Let's first start about what this is not. This is not a self-defense case. Okay. You do not have a self-defense instruction. There was no evidence presented about self-defense.
Keep in mind the burden to prove each of these counts is on the state. The defense does not have to prove anything. It's my burden, but there has been no evidence presented to show that this is a self-defense case.

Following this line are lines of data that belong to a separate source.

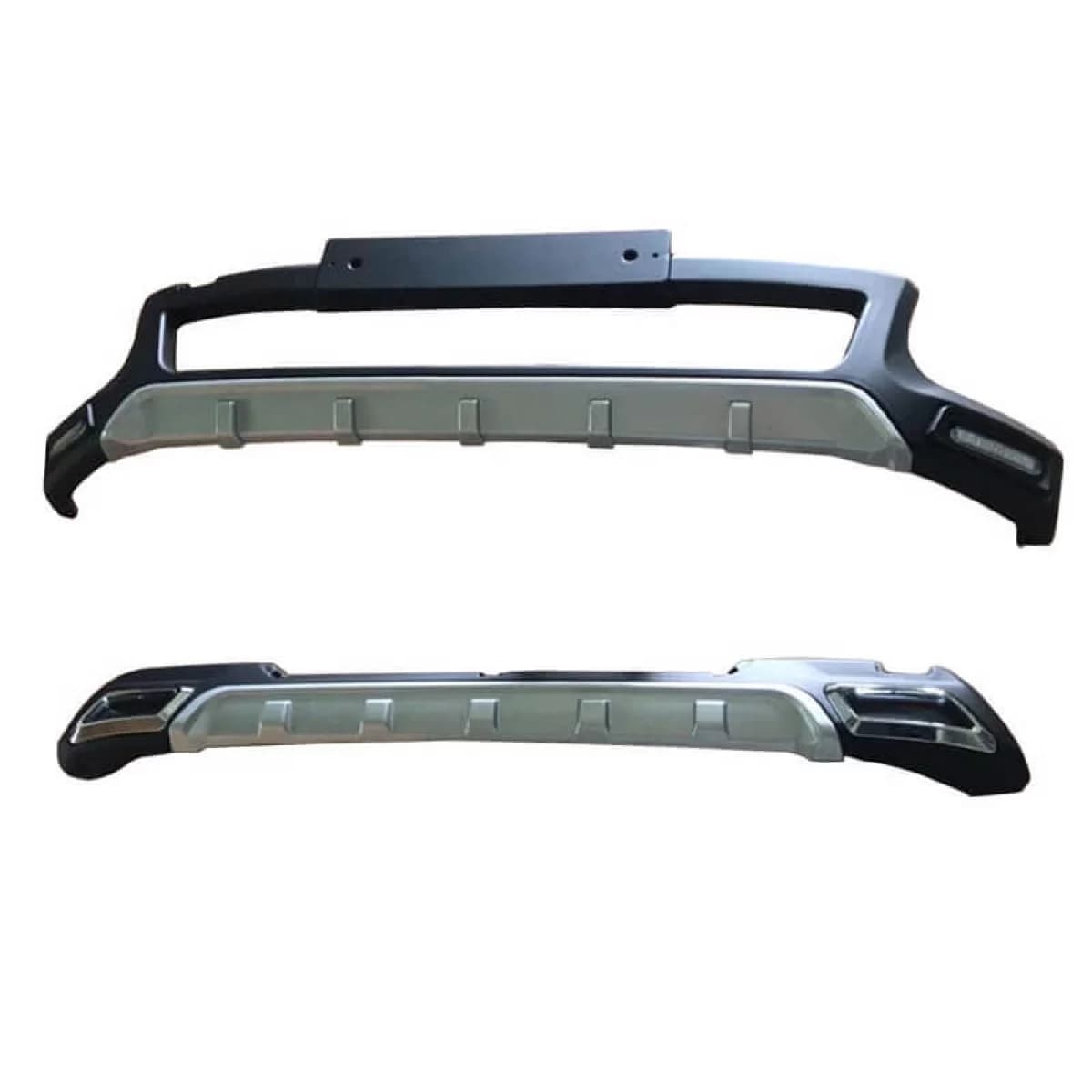 Skid Plates Bumper Body kit suitable for Front and Rear Bumper suitable for Citroen Berlingo 2018+ 2 Pieces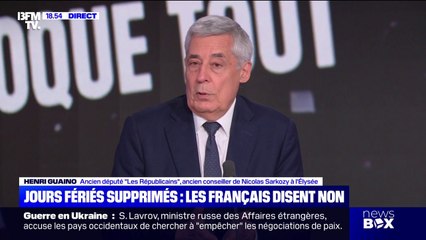 Jours fériés supprimés: "l'aspect symbolique est désastreux", estime Henri Guaino, ancien conseiller de Nicolas Sarkozy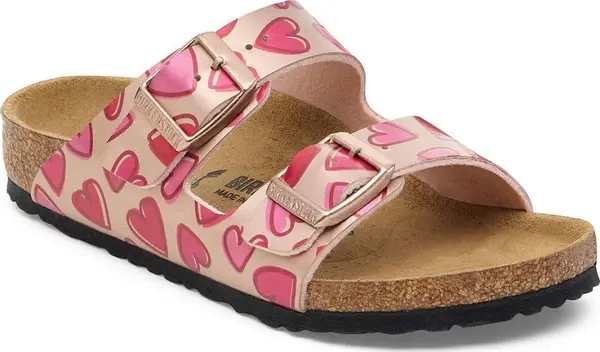Birkenstock Birkenstock Arizona Birko-Flor Narrow Fit Electric Metallic Copper Hearts Жени,Деца - Сандали Birkenstock - Многоцветен - 1030445-2.5 - Size: 2.5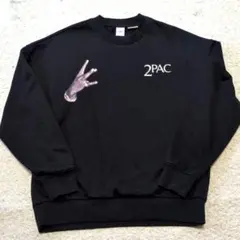 ZARA 2PAC トレーナー　スウェット　黒のサムネイル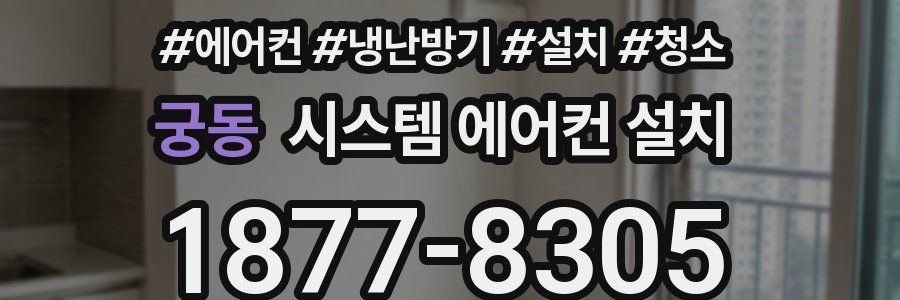 궁동 시스템 에어컨 설치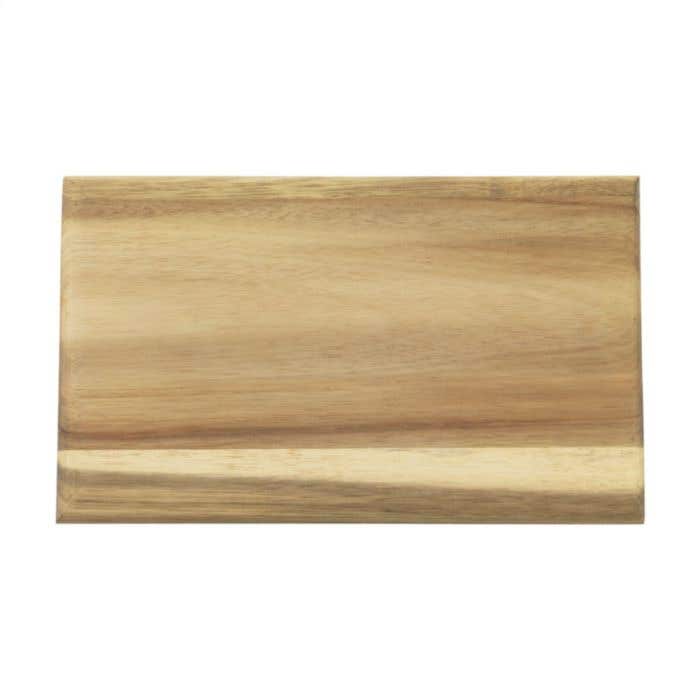 Planche à servir | Bois d'acacia | Avec 2 coupelles en porcelaine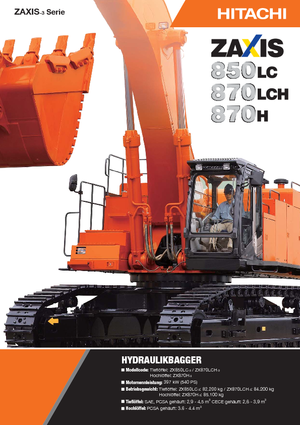 Rupsgraafmachines Hitachi ZX 870 LCH-3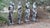 Spectacular Italian Sculpture "The Four Seasons" from the early 20th century Cement Original patina Sculpture height:...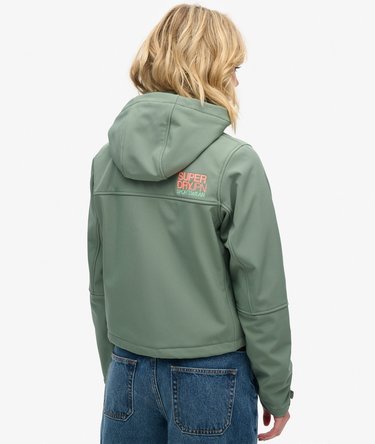 Hooded Soft Shell Trekker Jacket Image 4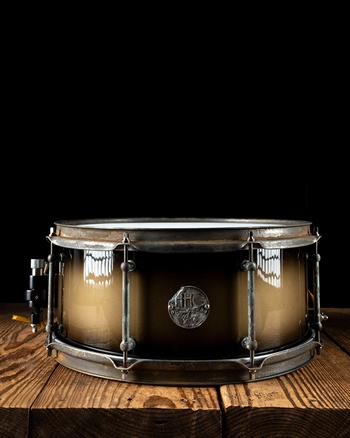 HHG 6.5"x14" Relic Snare Drum - Black Bronze Duco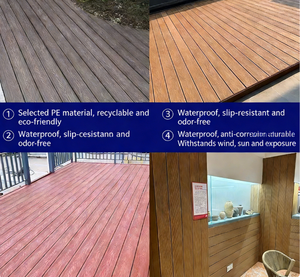 Revêtement de sol extérieur en WPC extrudé, imperméable, prix direct usine, vente en gros de terrasses en composite <span class=keywords><strong>bois</strong></span>-plastique - Product Image 6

The lack of instruction combined with the state's comments in closing relieved the state of its burden, and on this record, we cannot say beyond a reasonable doubt that the jury surely would have found that Hursey did not act in self-defense. We therefore cannot conclude that the error in failing to instruct on self-defense was harmless. Accordingly, we vacate Hursey's aggravated assault conviction and sentence and remand for further proceedings on that count.

II. Presentence Incarceration Credit

¶20 Hursey also argues the trial court erred by "refusing to calculate and include presentence incarceration credit" when it sentenced him. We review the court's decision on presentence incarceration credit de novo. State v. Yug, 252 Ariz. 203, ¶ 4 (App. 2021).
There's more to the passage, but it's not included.